* [Source records]:
——————
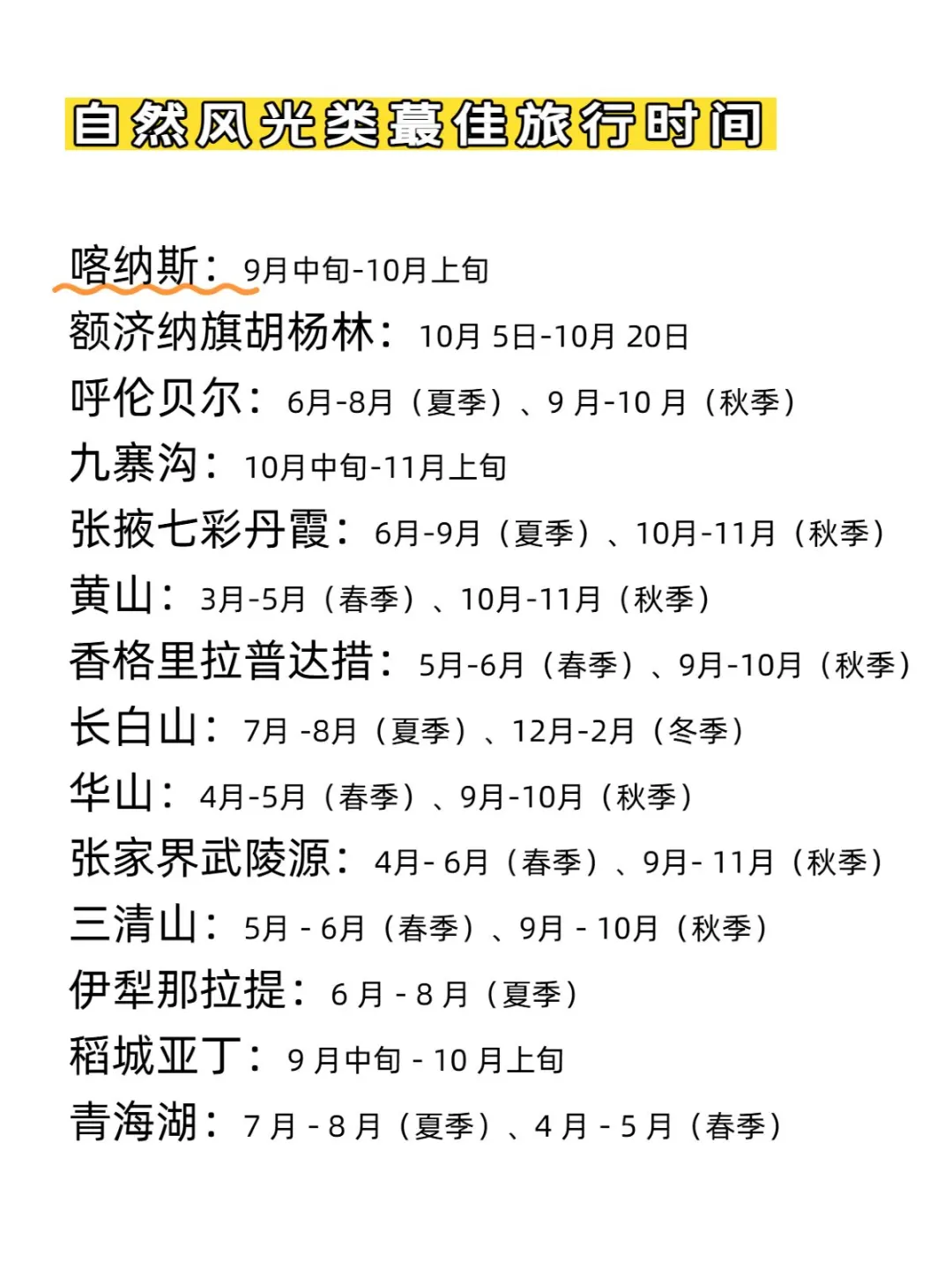 国内人生必去的50 个地方，你去过几个？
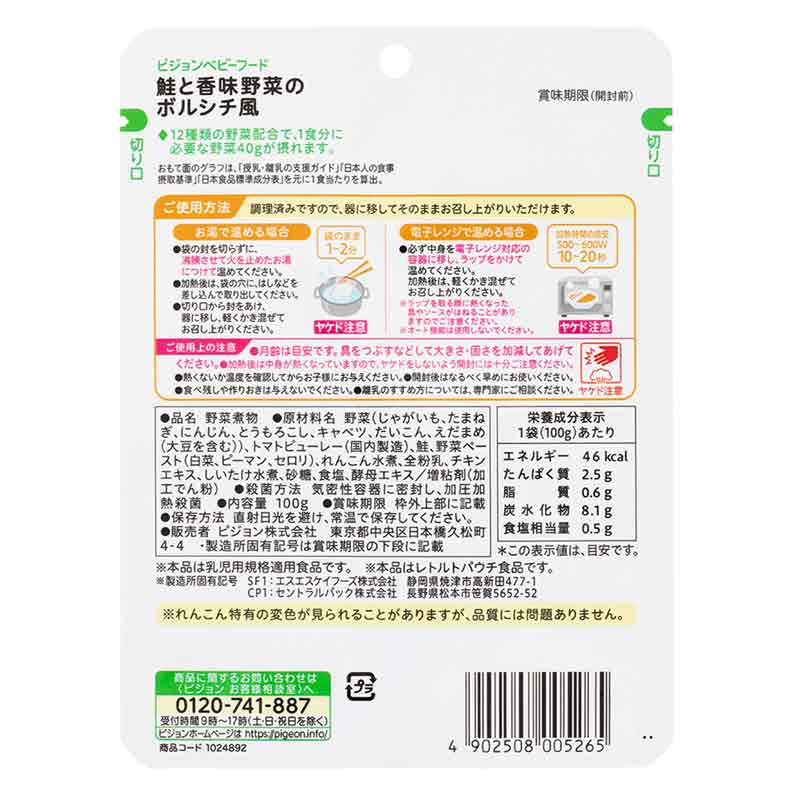 食育レシピ野菜 鮭と香味野菜のボルシチ風 100g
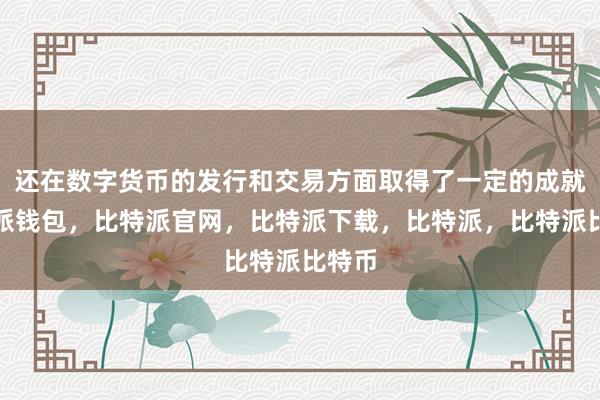 还在数字货币的发行和交易方面取得了一定的成就比特派钱包，比特派官网，比特派下载，比特派，比特派比特币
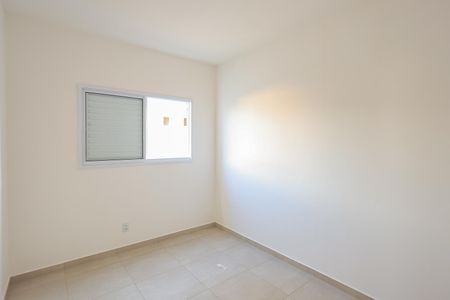 Apartamento para alugar com 53m², 2 quartos e 1 vaga Apartamento para alugar com 53m², 2 quartos e 1 vagaQuarto 1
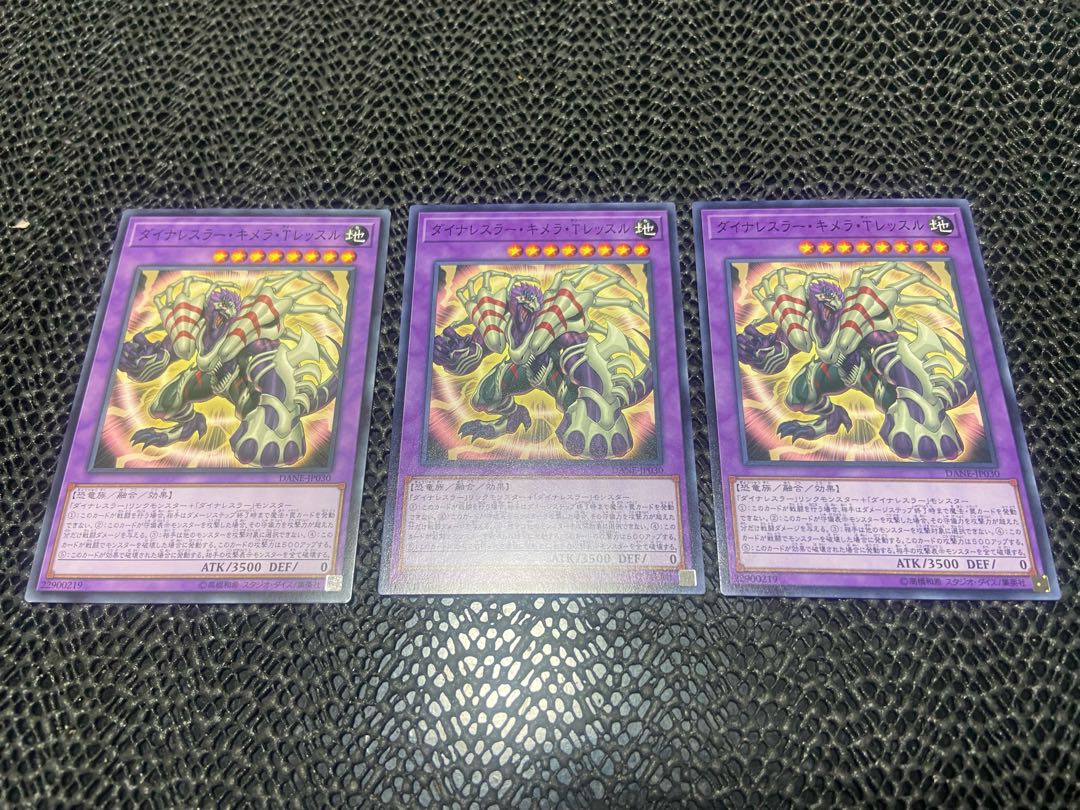 Dynalesser Chimera T Lessl Normal JP030 A-813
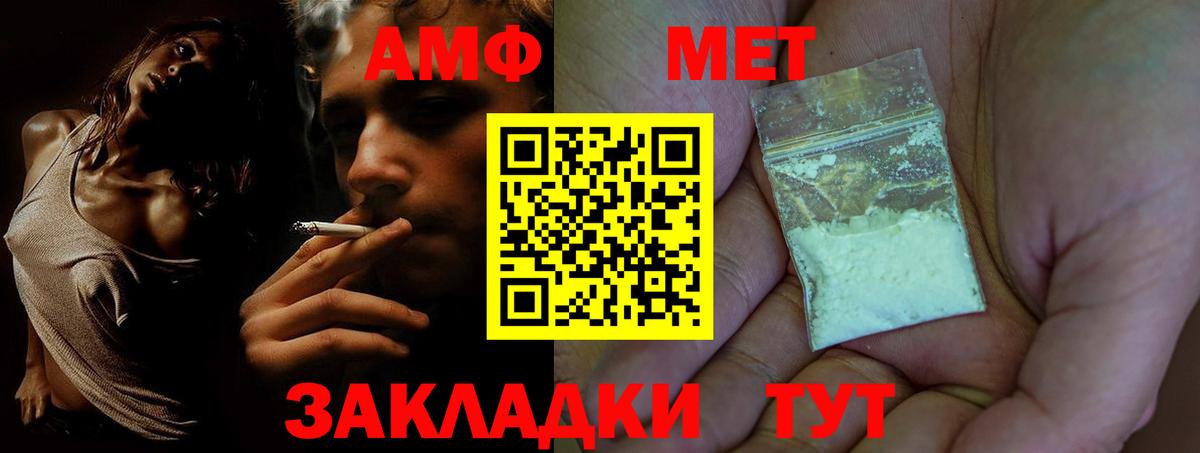 Amphetamine 98% Сургут
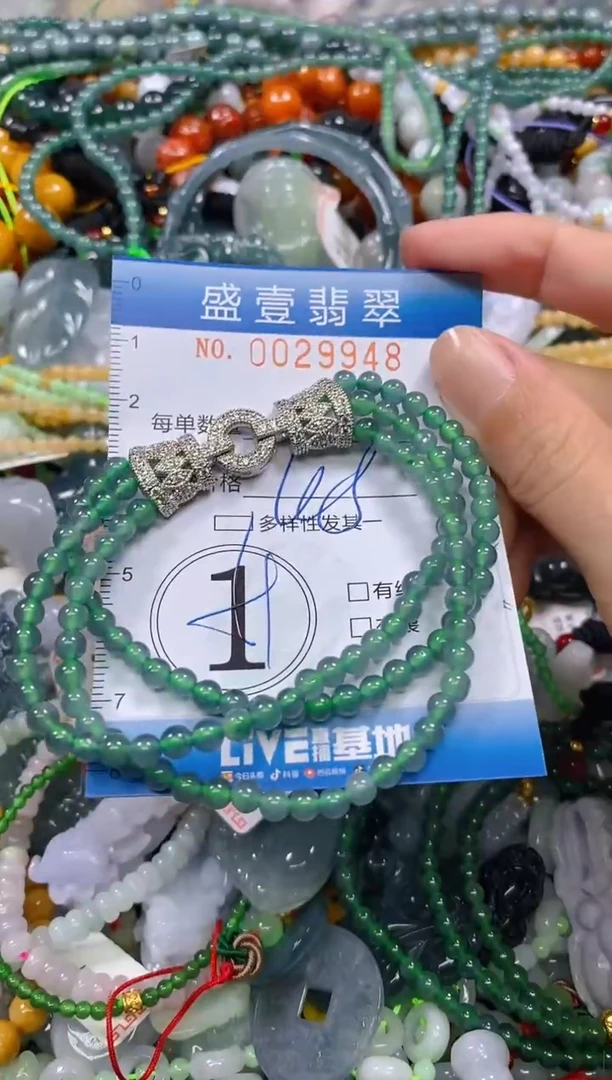 颈饰未镶嵌翡翠闪购0029948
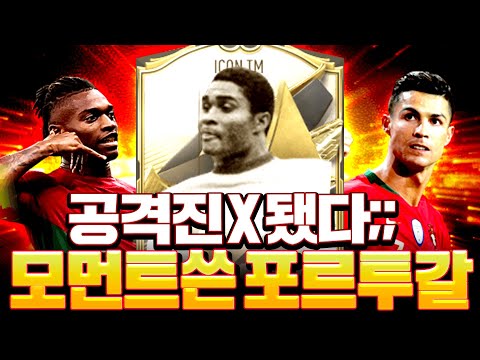 X됐다 1대장 공격수 보유 포르투갈 스쿼드 짭니다 모먼트 <strong>제비</strong>!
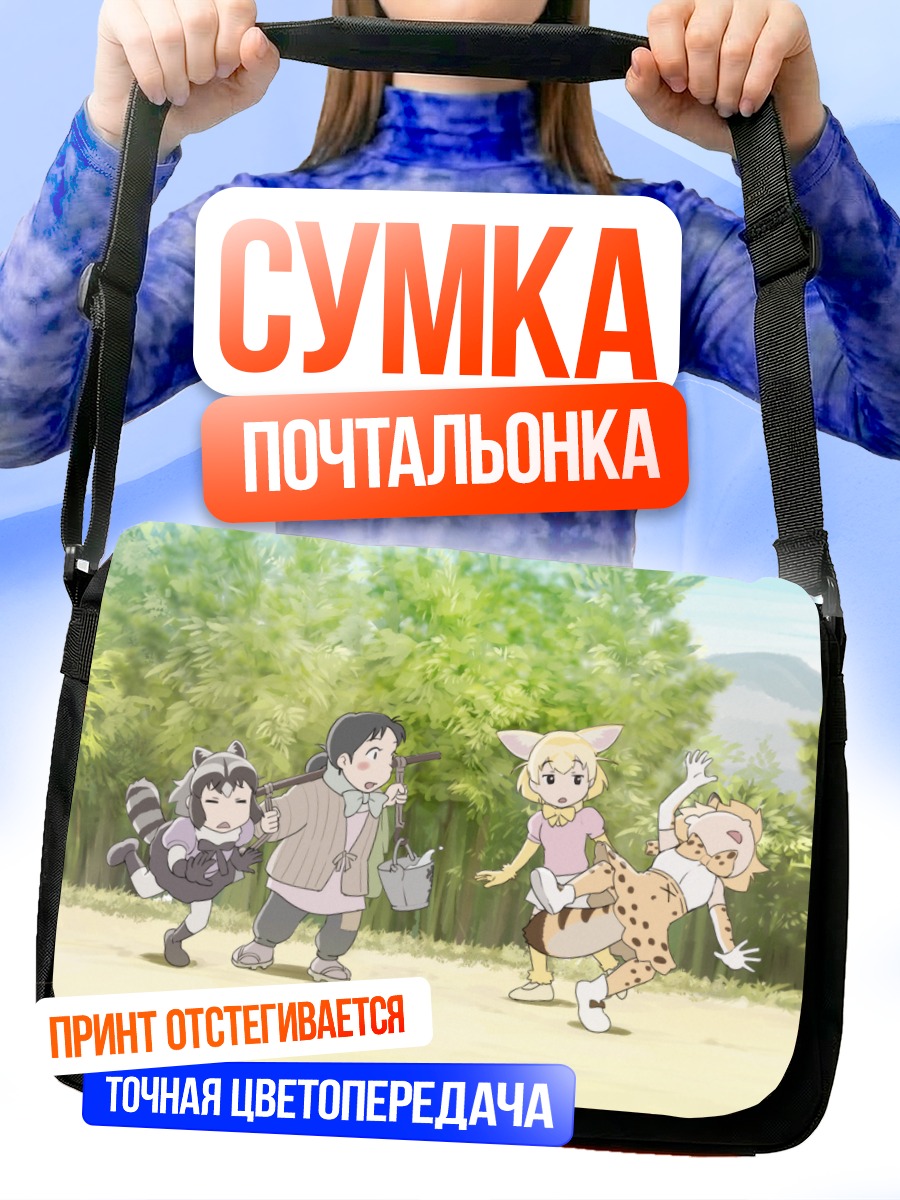 Сумка-почтальонка Сервал и друзья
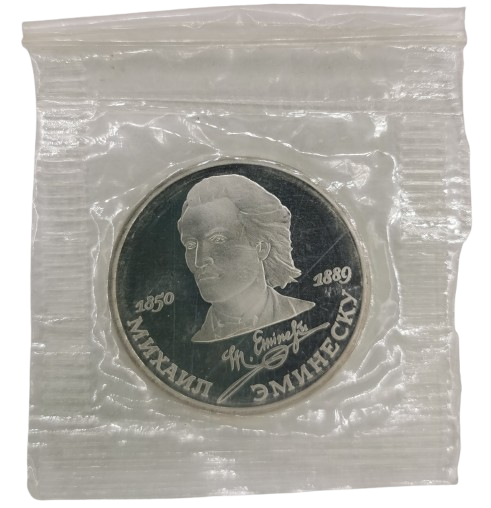 1 Rubeľ 1989 Rusko (ZSSR) PROOF, Mihai Eminescu (originál balenie)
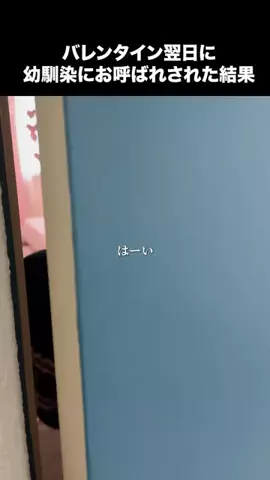 真夜中の若者たちのTikTok投稿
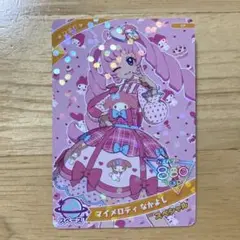 ひみつのアイプリ　アイプリカード マイメロディ なかよし　ひまり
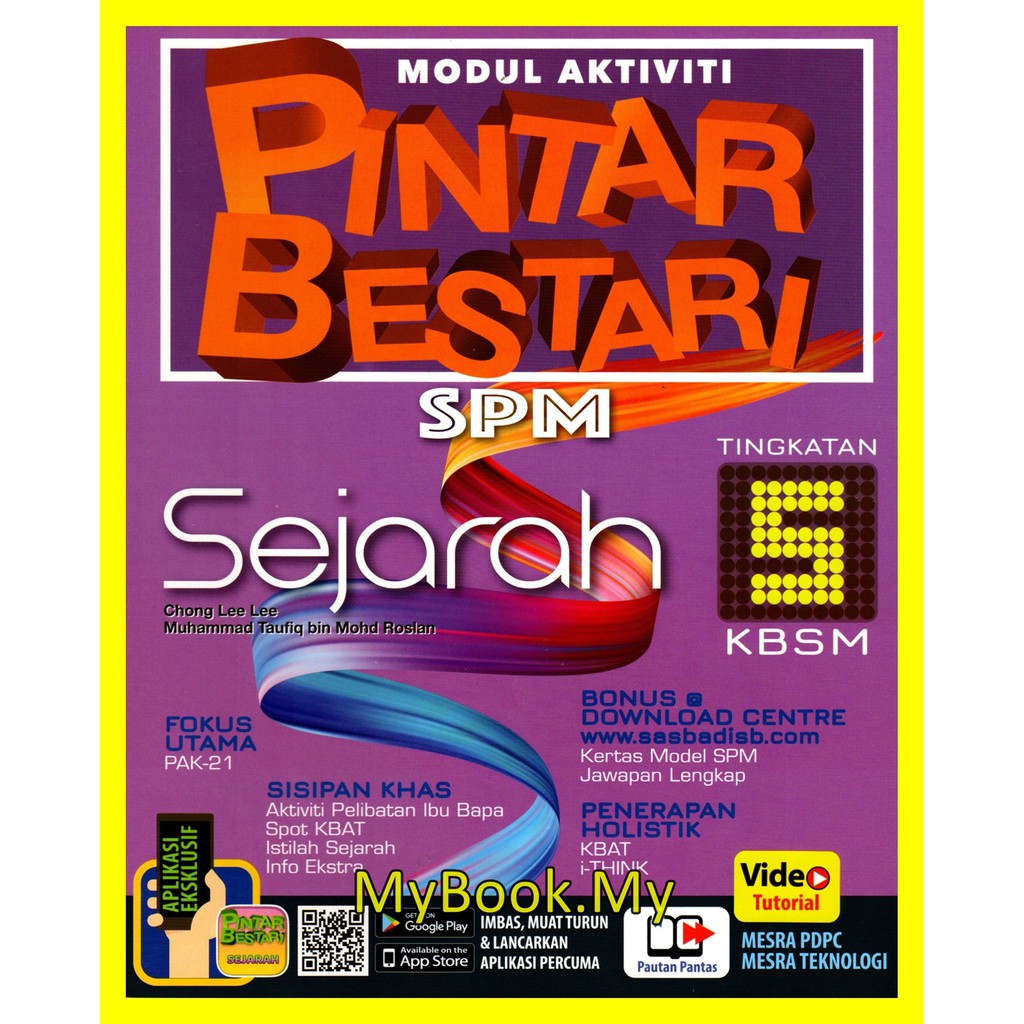 Myb 5 Level Activitivation Module History Sasbadi Shopee Singapore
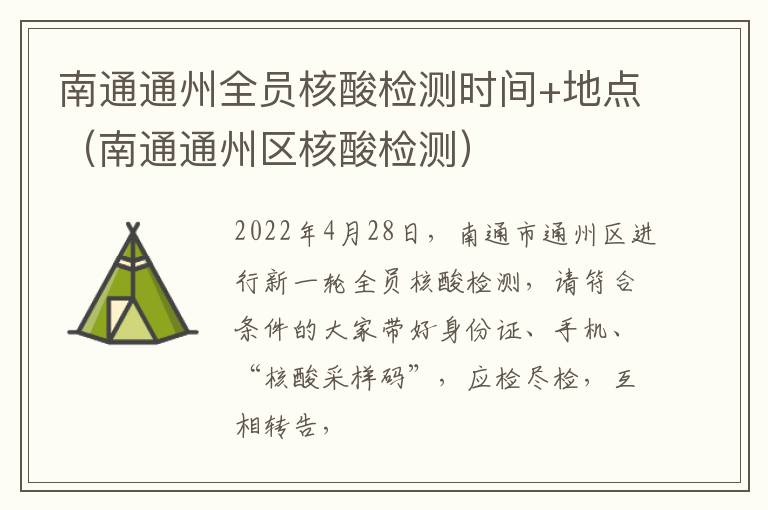 南通通州全员核酸检测时间+地点（南通通州区核酸检测）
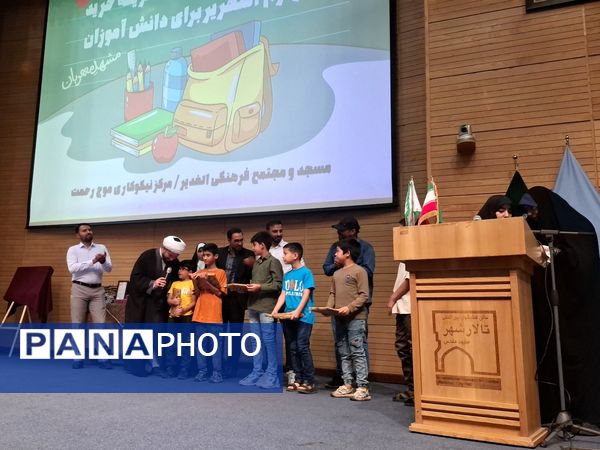 تولد ۳ سالگی کانون فرهنگی حصان مشهد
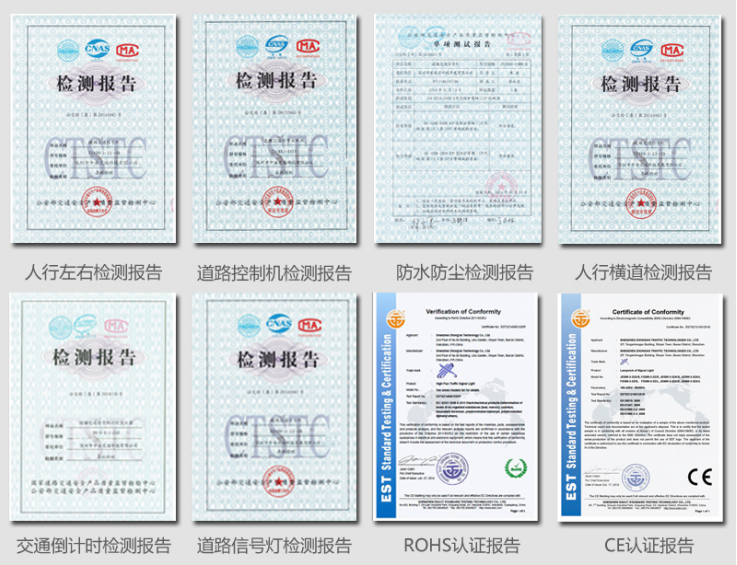 24V铝隧道诱导灯(图3)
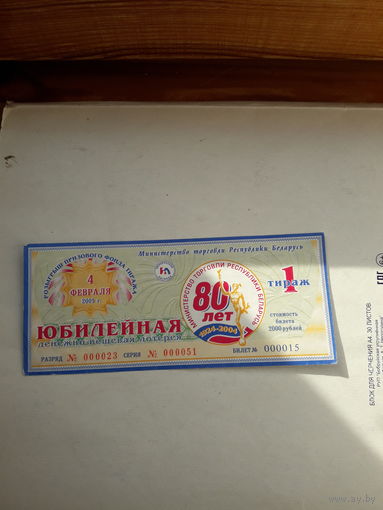 Лотерейный билет ДВЛ (мин.торговли РБ) Юбилейная тираж 1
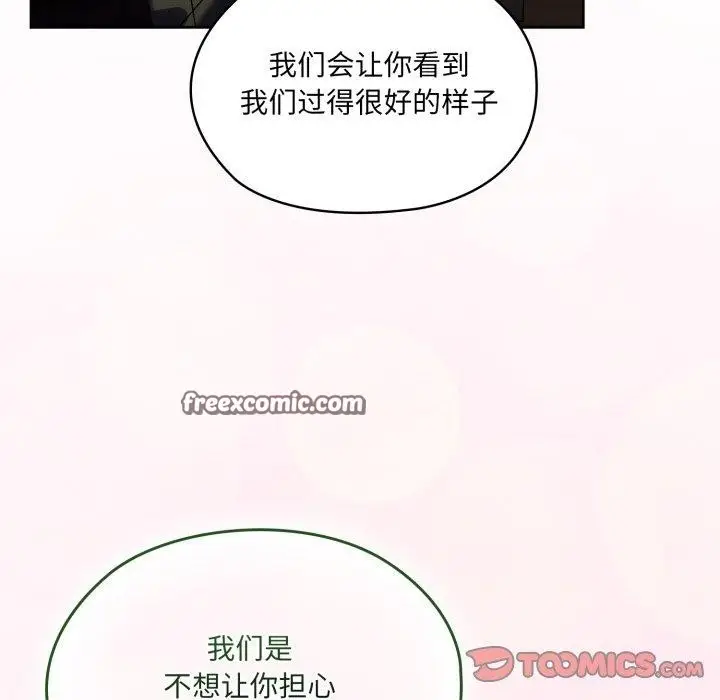 漫画《请把女儿交给我/老大! 请把女儿交给我!》第75话第84张图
——————
* [How to complete this task]:
Where a line contains "Лотерейный билет ДВЛ", begin there and set down exactly each line through the end of the data above, omitting any pictures.

* [Exercise answer]:
 Лотерейный билет ДВЛ (мин.торговли РБ) Юбилейная тираж 1
 漫画《请把女儿交给我/老大! 请把女儿交给我!》第75话第84张图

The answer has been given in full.